- **Material shown**
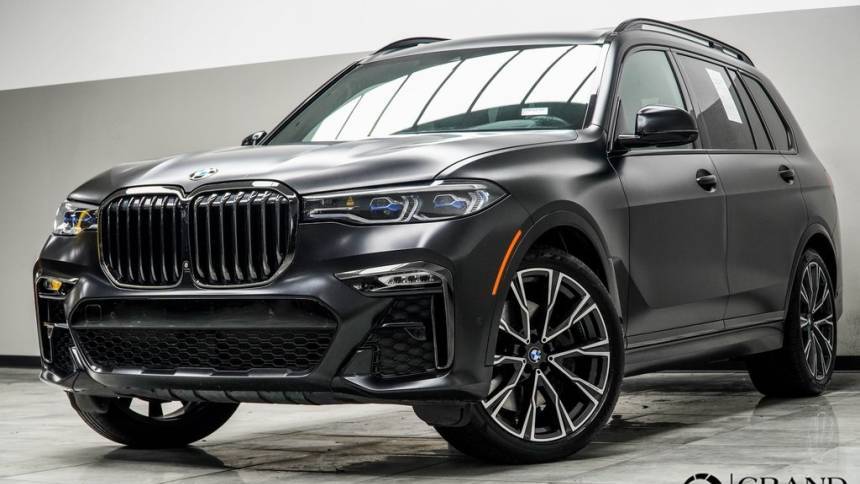 2021 BMW X7 M50i — SUV — 57,936 mi — Kennesaw, GA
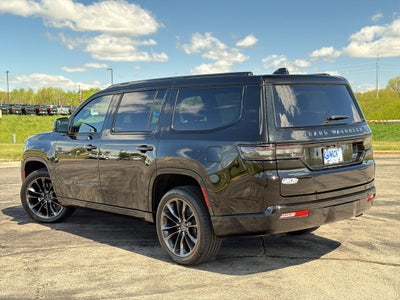 2024 Jeep Grand Wagoneer Series II Obsidian
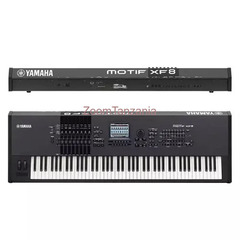 Yamahas Motif XF8- 88 key piano keyboard synthesizer - 1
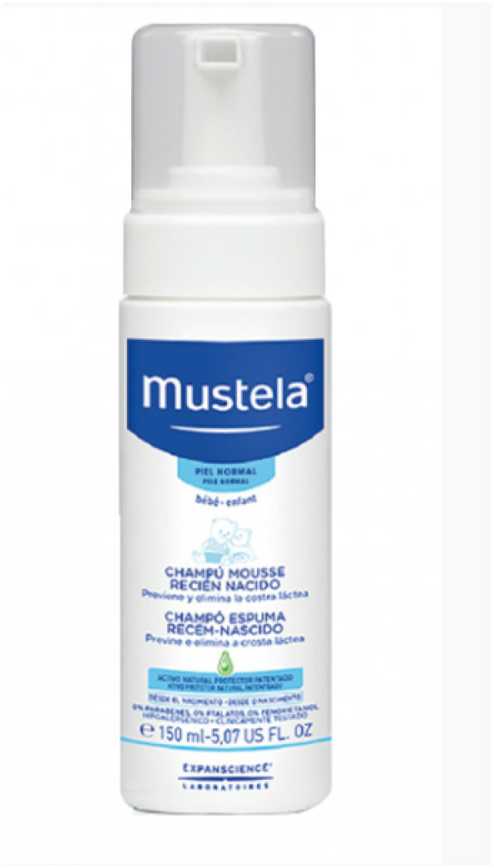 "Mustela" putų šampūnas naujagimiams 150ml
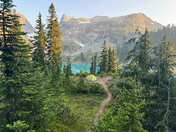 Alpine Lakes Wilderness of the Mount Baker-Snoqualmie National Forest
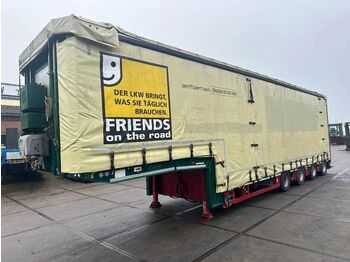 MEUSBURGER Low loader semi-trailer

- **Directions for this task**
Could the entries be output exactly as written, but without their images?

- **Exercise solution**
 2021 BMW X7 M50i — SUV — 57,936 mi — Kennesaw, GA
 2024 Jeep Grand Wagoneer Series II Obsidian
 Yamahas Motif XF8- 88 key piano keyboard synthesizer - 1
 "Mustela" putų šampūnas naujagimiams 150ml
 Alpine Lakes Wilderness of the Mount Baker-Snoqualmie National Forest
 MEUSBURGER Low loader semi-trailer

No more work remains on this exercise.